Minister rolnictwa Wojciech Mojzesowicz twierdzi, że Rosja podważa wiarygodność Polski, wprowadzając kolejne zakazy importu towarów. - Jeśli Rosjanie nie chcą naszej żywności, to trudno. Nie wolno żadnemu państwu prowadzić do destabilizacji i podważania wiarygodności producentów rolnych. To sprawa polityczna. Nasi producenci nie używają mączek mięsno-kostnych - zaznacza W. Mojzesowicz.

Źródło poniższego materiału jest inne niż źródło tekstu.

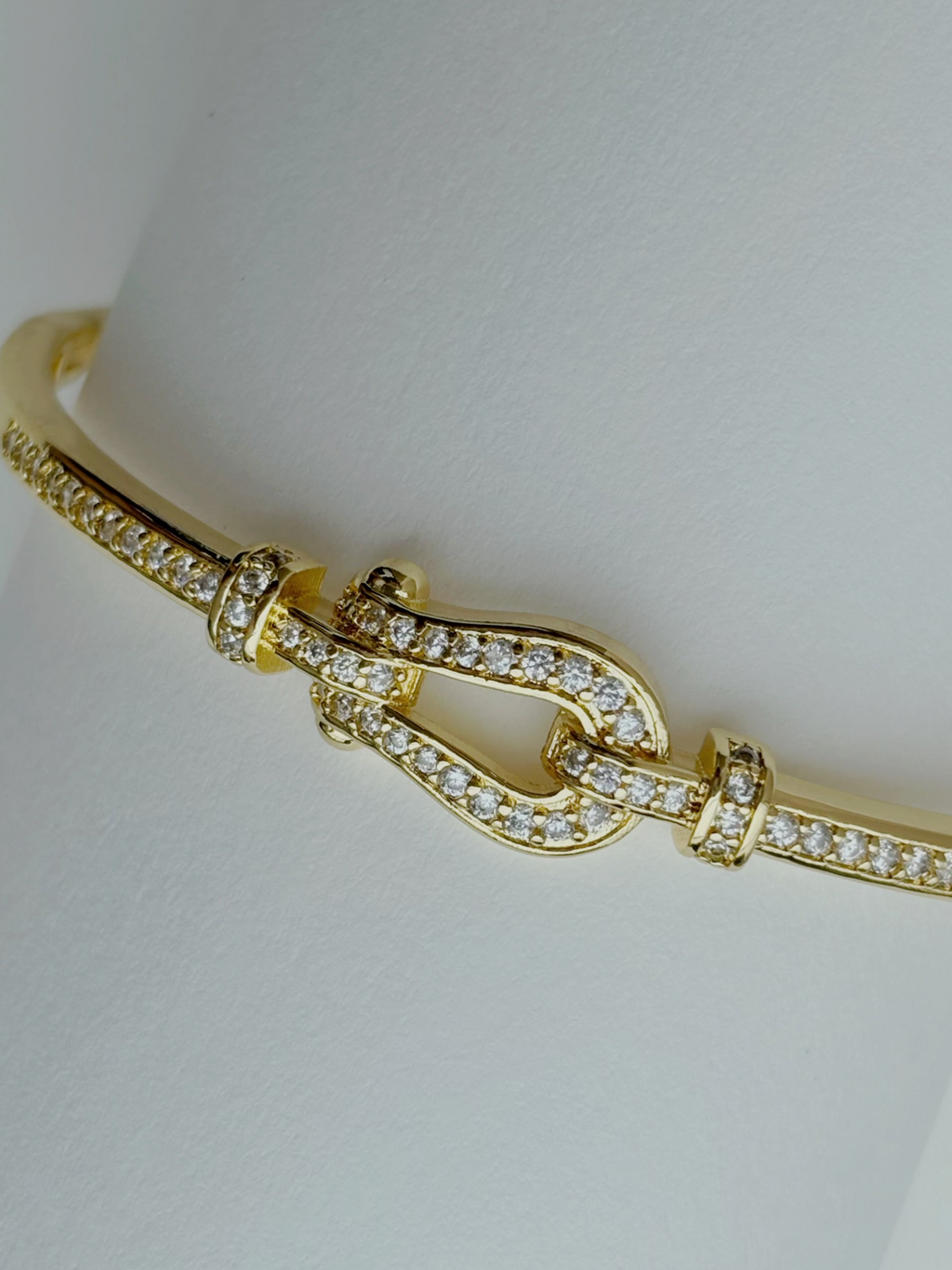Main Character Kara For Womens - Waterproof & Anti-Tarnish (Free Size)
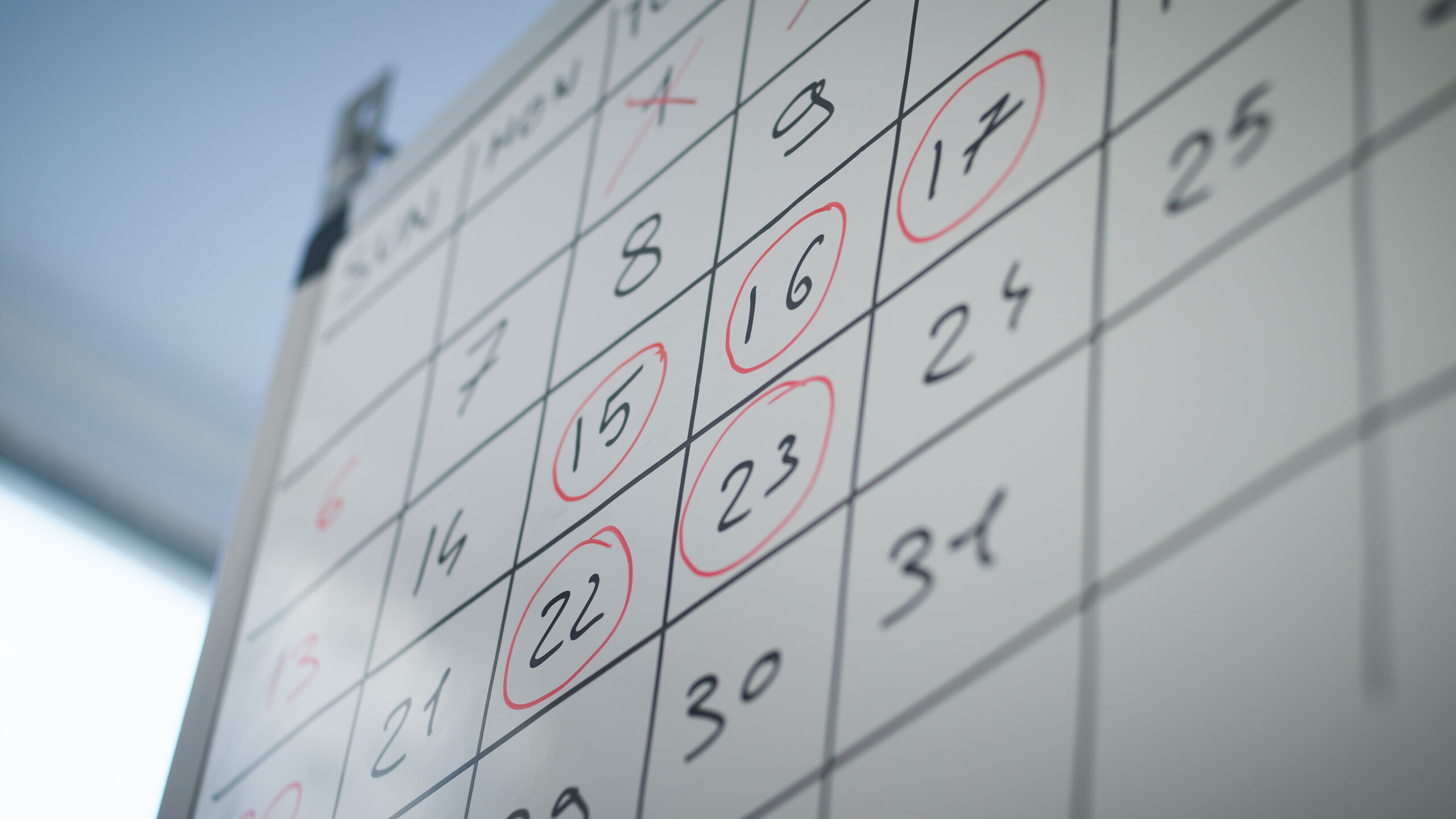 Calendarul anului 2027: România are 17 sărbători legale, dar puține zile libere suplimentare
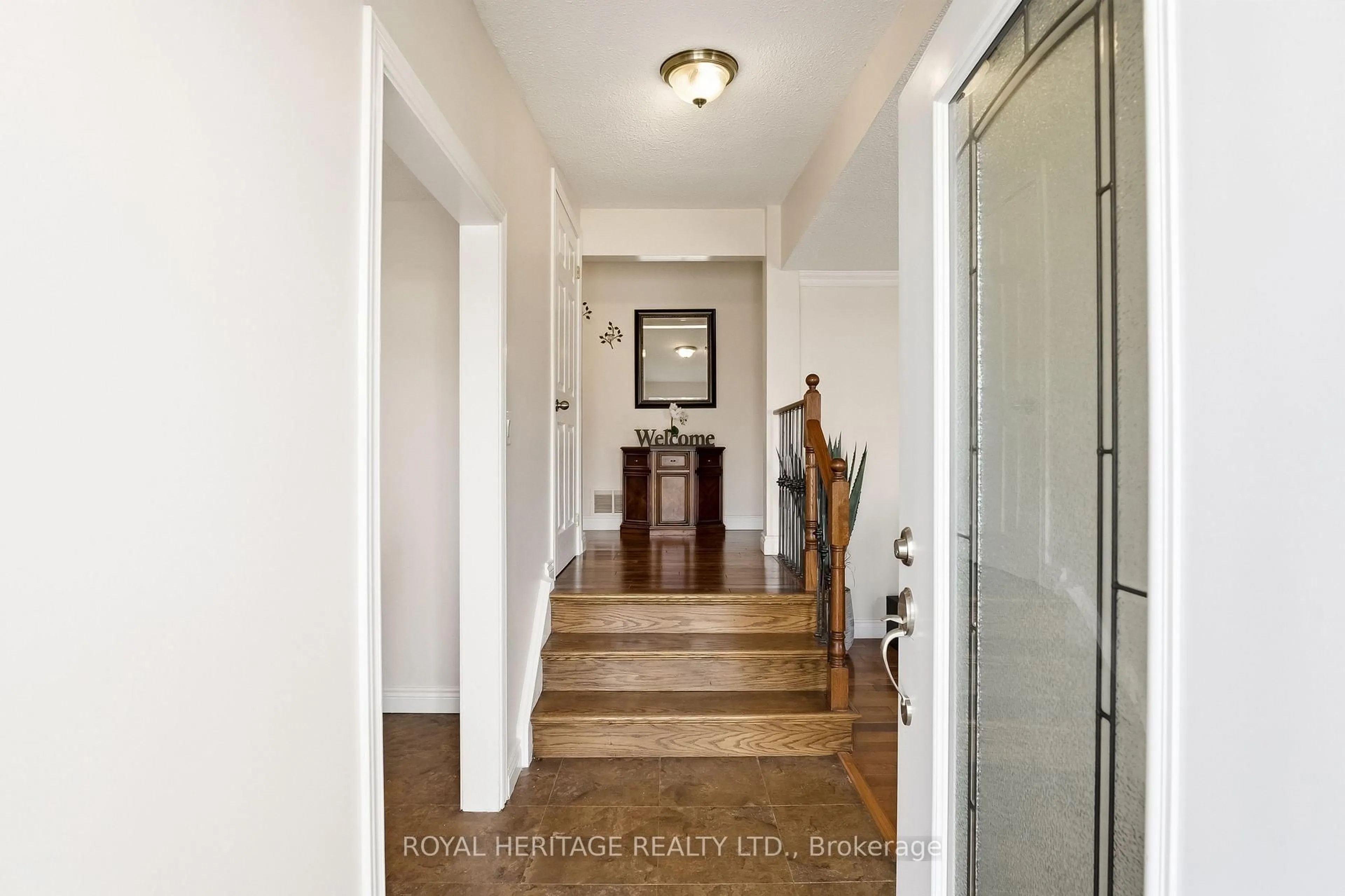 Indoor entryway for 148 Guthrie Cres, Whitby Ontario L1P 1A8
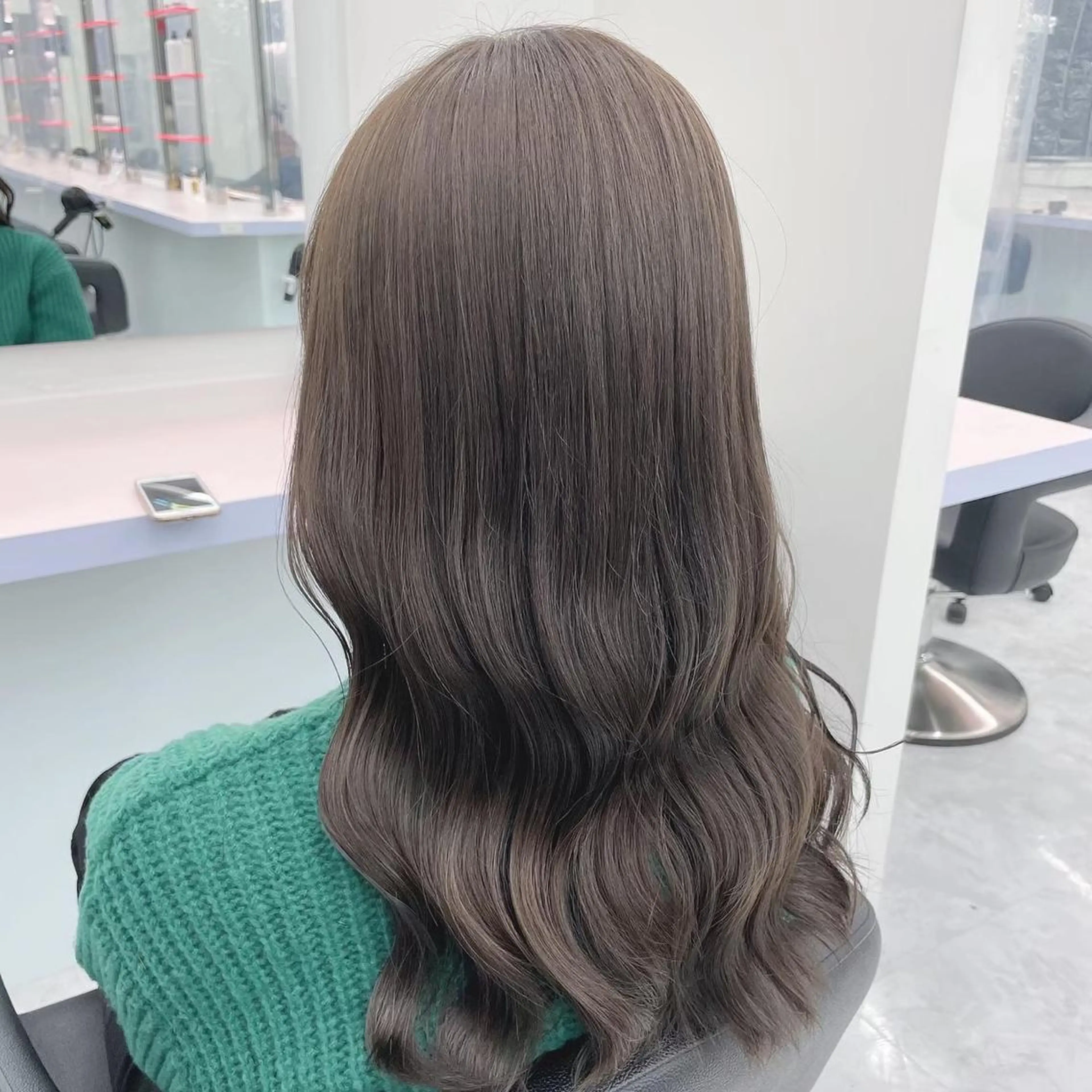 セミロング カラー レイヤー×透明感カラ ーHAYATOのヘアスタイル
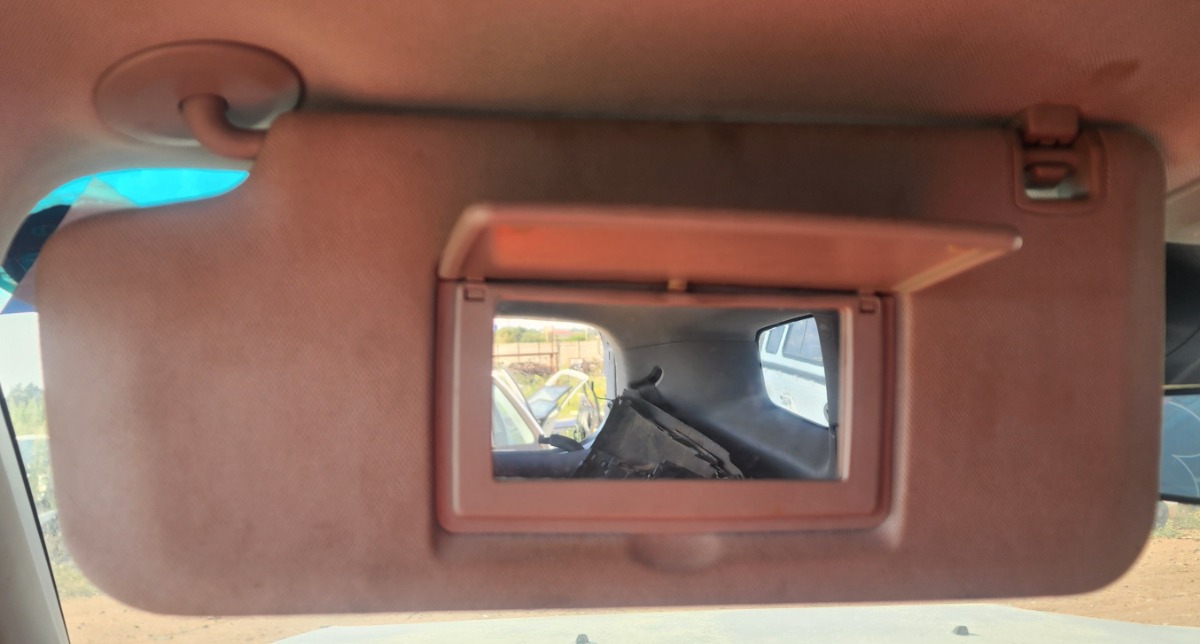 ORLANDO LEFT SUN VISOR
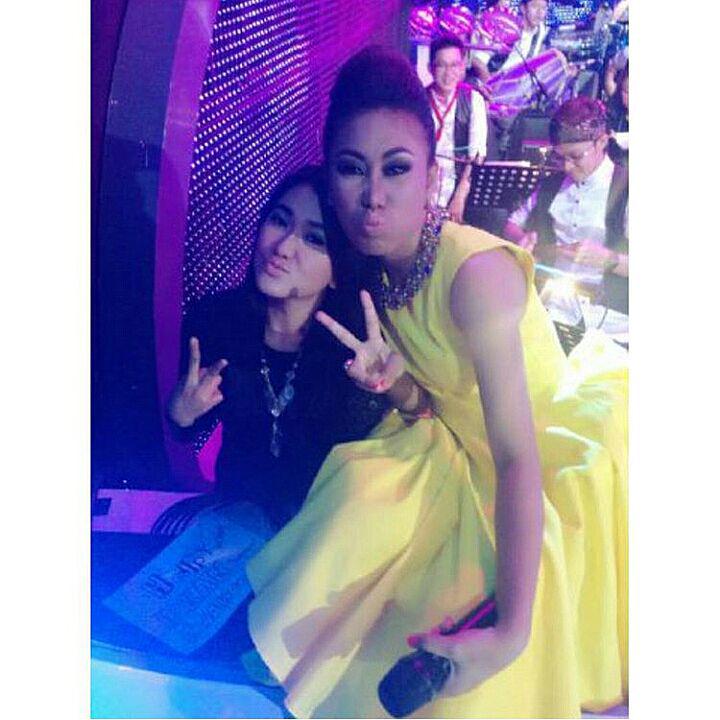 slama 2 jari ala2 mutiara kita.:)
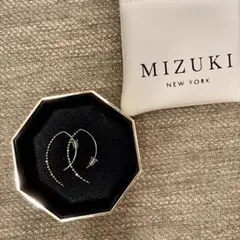 かあ　MIZUKI バナナフープピアス　14K MIZUKI✨バナナフープピアスラージタイプ✨ゴールド美品 - メルカリ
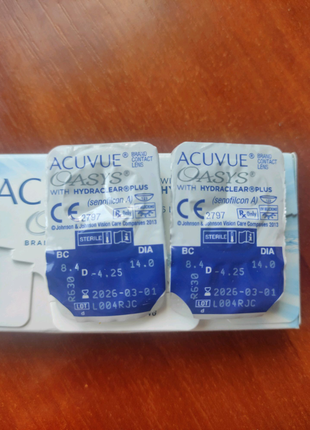 Контактні лінзи Acuvue Oasys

W środę Rosja zakazała importu mączki rybnej z Polski z powodu rzekomego wykrycia w niej białka zwierzęcego. Ostrzegła też, że może zakazać importu produktów pochodzenia roślinnego z Polski za pośrednictwem krajów trzecich. Z kolei import mięsa i nabiału ma być możliwy od 1 listopada tylko od tych firm, które ponownie uzyskają certyfikaty.
Główny lekarz weterynarii Ewa Lech podkreśla, że Rosja nie przekazała ani Komisji Europejskiej (KE), ani polskiej ambasadzie w Moskwie żadnych informacji na temat rzekomego zanieczyszczenia mączki rybnej. - Niepokojący jest fakt informowania polskich służb weterynaryjnych o wprowadzeniu tak istotnych restrykcji poprzez media - podkreśla.
W liście do W. Mojzesowicza, do którego dotarła PAP, szef Federalnej Służby Nadzoru Weterynaryjnego i Fitosanitarnego Siergiej Dankwert napisał, że w ciągu 8 miesięcy 2007 r., w trakcie wybiórczej kontroli produktów z Polski, znaleziono 47 partii niebezpiecznych towarów. Dankwert podkreśla w liście, że Rosja zwracała się już do KE w związku z przewozem przez kraje trzecie "niebezpiecznej dla zdrowia, a pochodzącej z Polski, produkcji roślinnej". Jak wynika z listu, chodzi m.in. o kapustę i jabłka, w których dopuszczalny poziom pestycydów, azotanów i azotynów ma przewyższać maksymalne normy, określone przez rosyjskie prawo.